(Work item):
Include in the reply only the lines from the start of the data below through the line containing "Which support cells in", reproduced exactly and with no pictures.

(Records):
=======

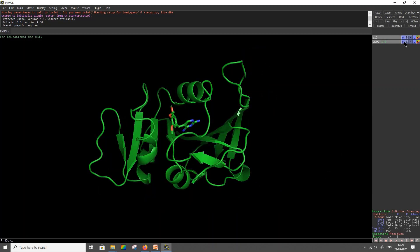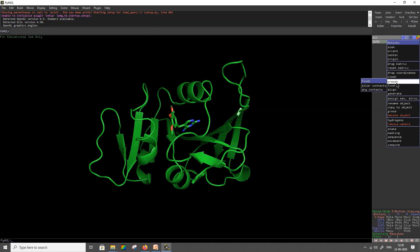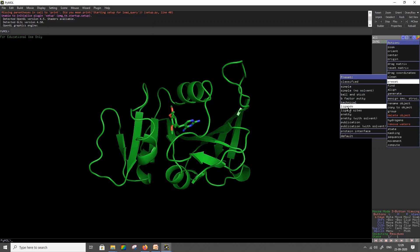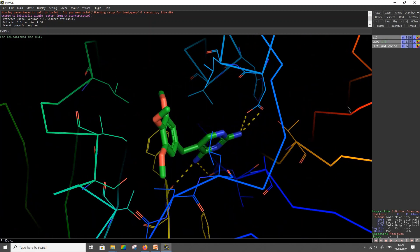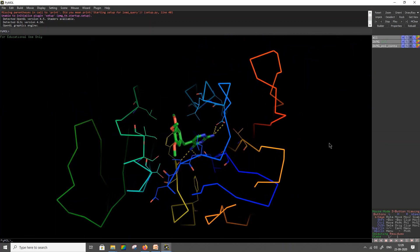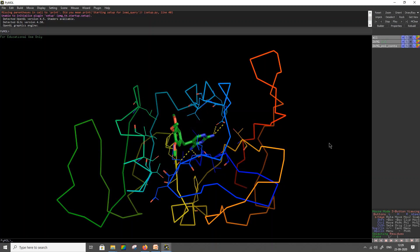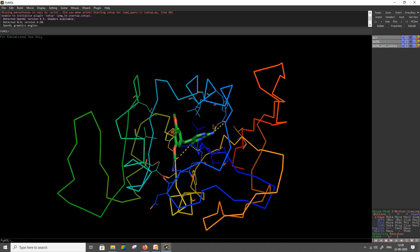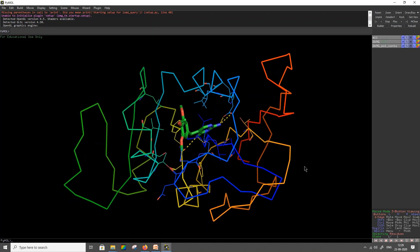First, click on Action, go into Preset, and click Ligands. This action will straight away differentiate and separate out all the residues of the protein that are in close proximity or that are interacting with the ligand molecule. However, the non-interacting amino acids or residues will be represented in a ribbon structure.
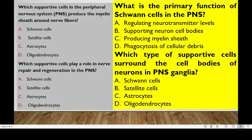Which support cells in the peripheral nervous system produce the myelin sheath? The answer is Schwann cells. Which support cells play a role in repair and regeneration in the PNS? Schwann cells. What is the primary function of Schwann cells in the PNS? Production of the myelin sheath. Which type of supportive cells surrounds the cell bodies of neurons in the PNS? The answer is satellite cells.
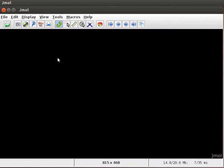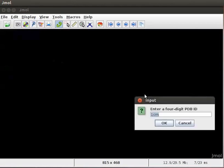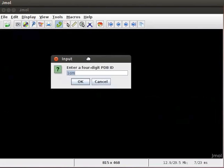3D structures of biomolecules can be viewed by direct download from database. To do so, click on file menu, scroll down to get pdb. An input dialog box appears on screen. We have to type the 4 letter pdb code for the particular protein in the input box.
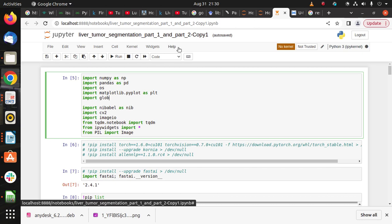After 2017, this challenge is held every year because it's very difficult to segment tumor as well as liver from CT scan images.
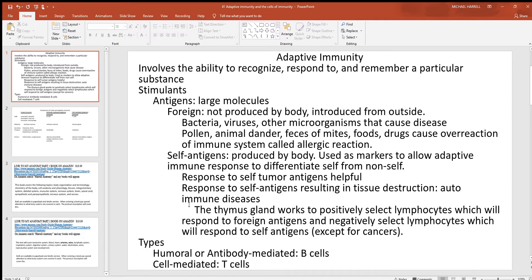The thymus gland helps ensure that we don't respond to self antigens, except when it comes to tumors. It keeps lymphocytes that respond only to foreign antigens — and those that will destroy tumors — while hopefully not selecting or keeping any lymphocytes that would respond to other self antigens. Under adaptive immunity, there are two types: humoral and cell-mediated. 'Humoral' is an old anatomy term meaning fluids of the body, and the part of adaptive immunity found in body fluids is the antibodies, made by B plasma cells.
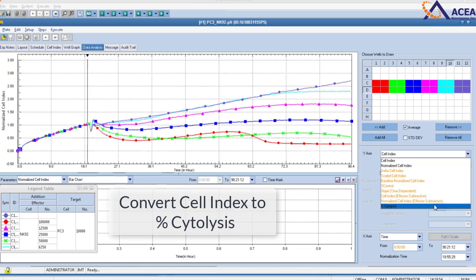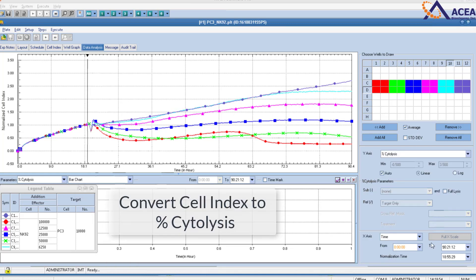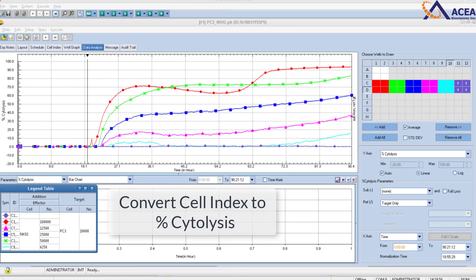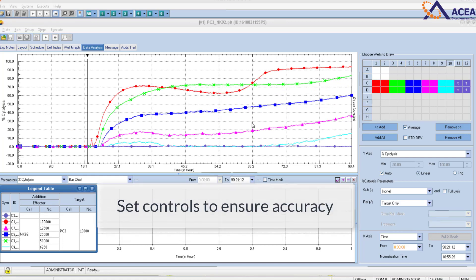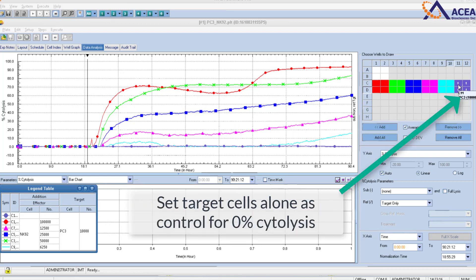Easily convert cell index to percent cytolysis. You can also set various controls to ensure accuracy. Target cells alone are set as a control for 0% cytolysis.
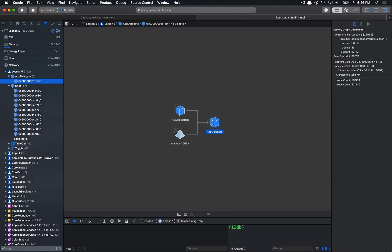Now with the simplified case, when I go into the memory graph debugger we have 47 chat objects, 47 table cells, 47 toggle buttons. Note that the view controller itself is actually gone. So there's some kind of reference keeping the chat objects or table cells alive. We have to figure out what's going on, but with 47 of each, the problem is probably somewhere within those objects.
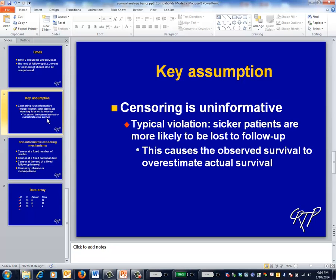The most key assumption in survival analysis is that censoring is non-informative. The most typical counter-example occurs when sicker and/or less happy patients are more likely to drop out of the study, causing your results to be optimistically biased. Intuition might suggest statistical methods to deal with this problem don't work well, so comprehensive follow-up is something that's critical to design into your study from the start. Also, every reported survival analysis should include a justification about why you think that your censoring isn't informative.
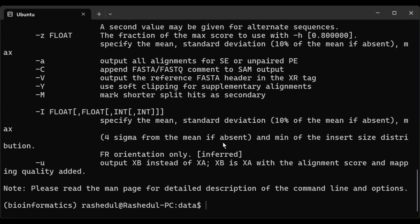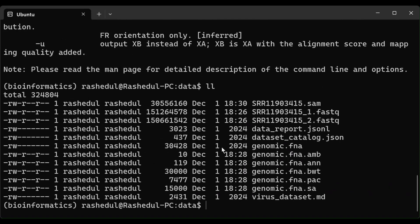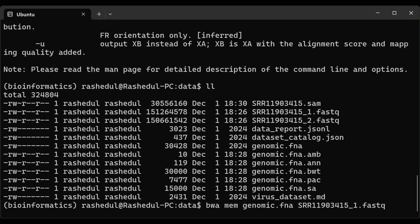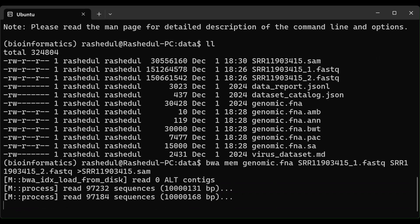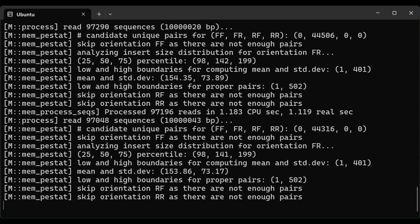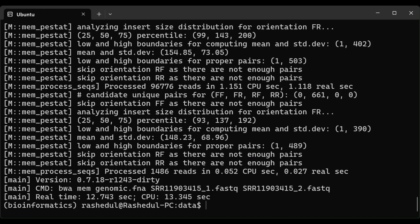After creating the index, we will align the reads to the reference genome using the bwa mem command. Here are the usage details — to align using bwa mem we need to provide the genomic file, then the first read, and then the second read. We also want to write the output in SAM format. This command will align the reads and save the results in a SAM file. Let's press Enter — BWA is performing alignment. Depending on the size of the genome and the number of reads, the runtime could vary. BWA has finished running.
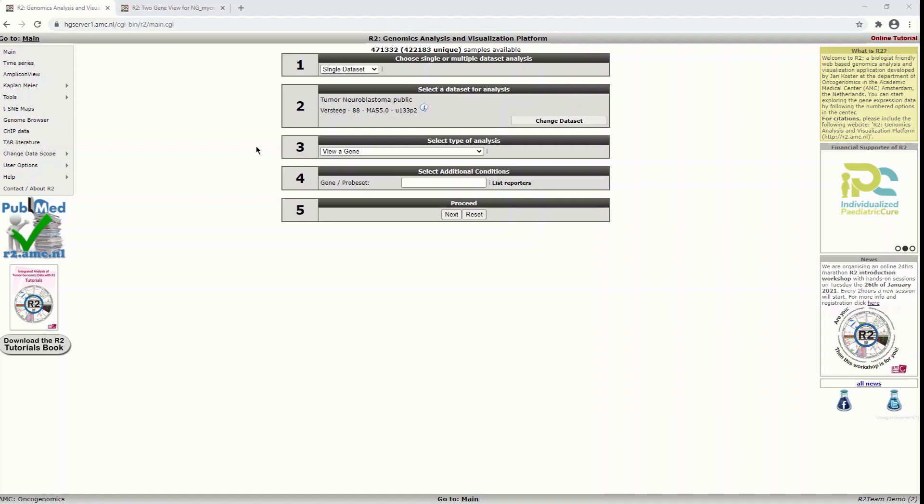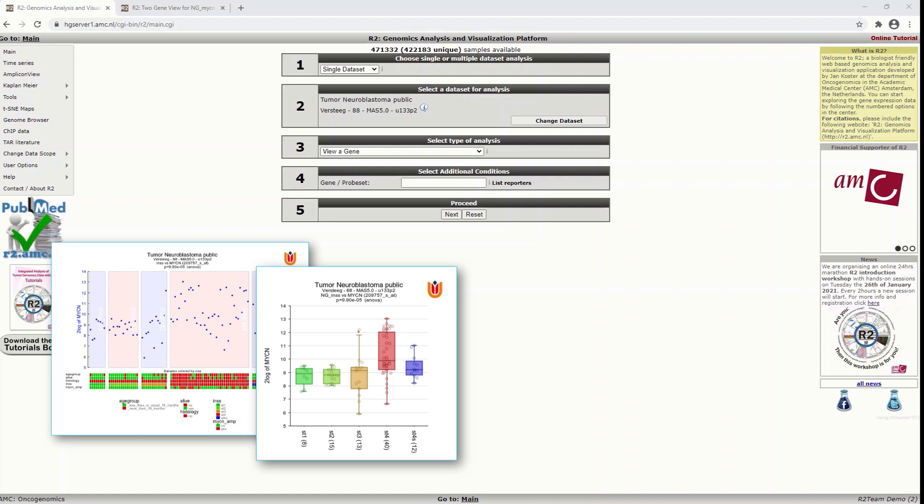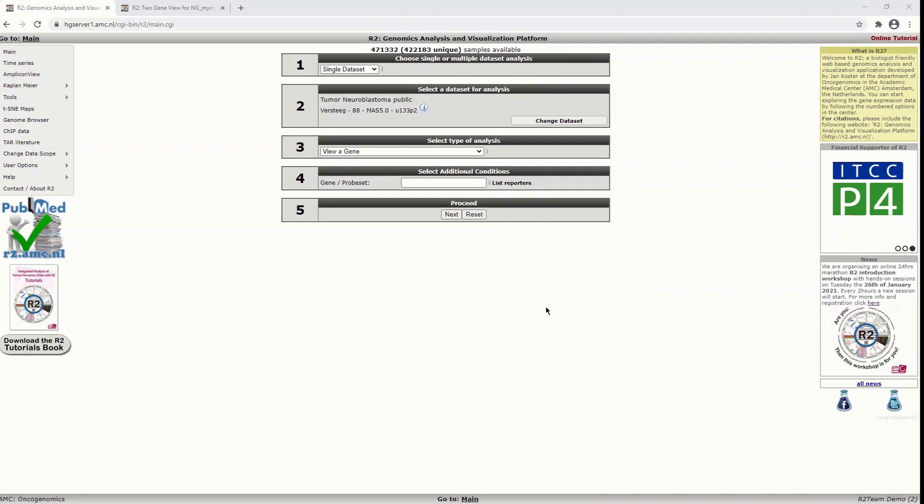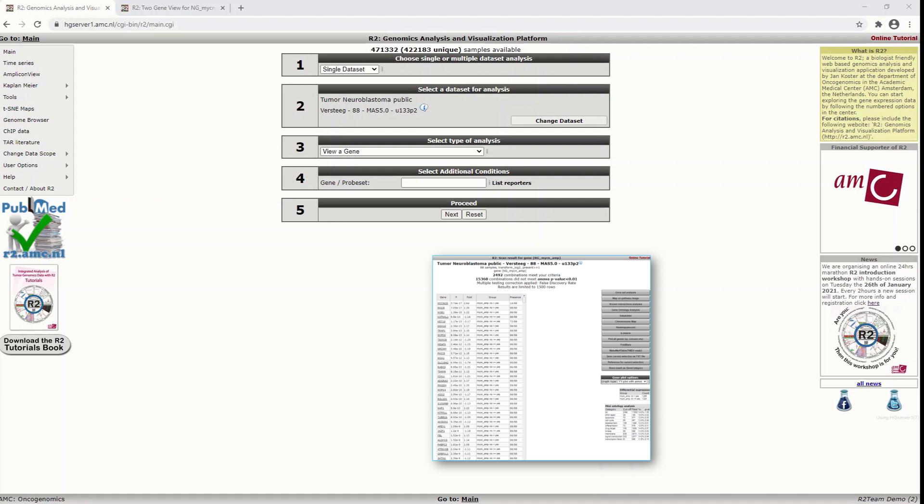The first module is view a gene in groups, with which you can look at the expression patterns of one gene and that allows you to split up the samples in groups based on a track. The other module is called differential expression between groups. It finds the most significant differentially expressed genes between groups.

=======

(Exercise result):
First, click on Action, go into Preset, and click Ligands. This action will straight away differentiate and separate out all the residues of the protein that are in close proximity or that are interacting with the ligand molecule. However, the non-interacting amino acids or residues will be represented in a ribbon structure.
Which support cells in the peripheral nervous system produce the myelin sheath? The answer is Schwann cells. Which support cells play a role in repair and regeneration in the PNS? Schwann cells. What is the primary function of Schwann cells in the PNS? Production of the myelin sheath. Which type of supportive cells surrounds the cell bodies of neurons in the PNS? The answer is satellite cells.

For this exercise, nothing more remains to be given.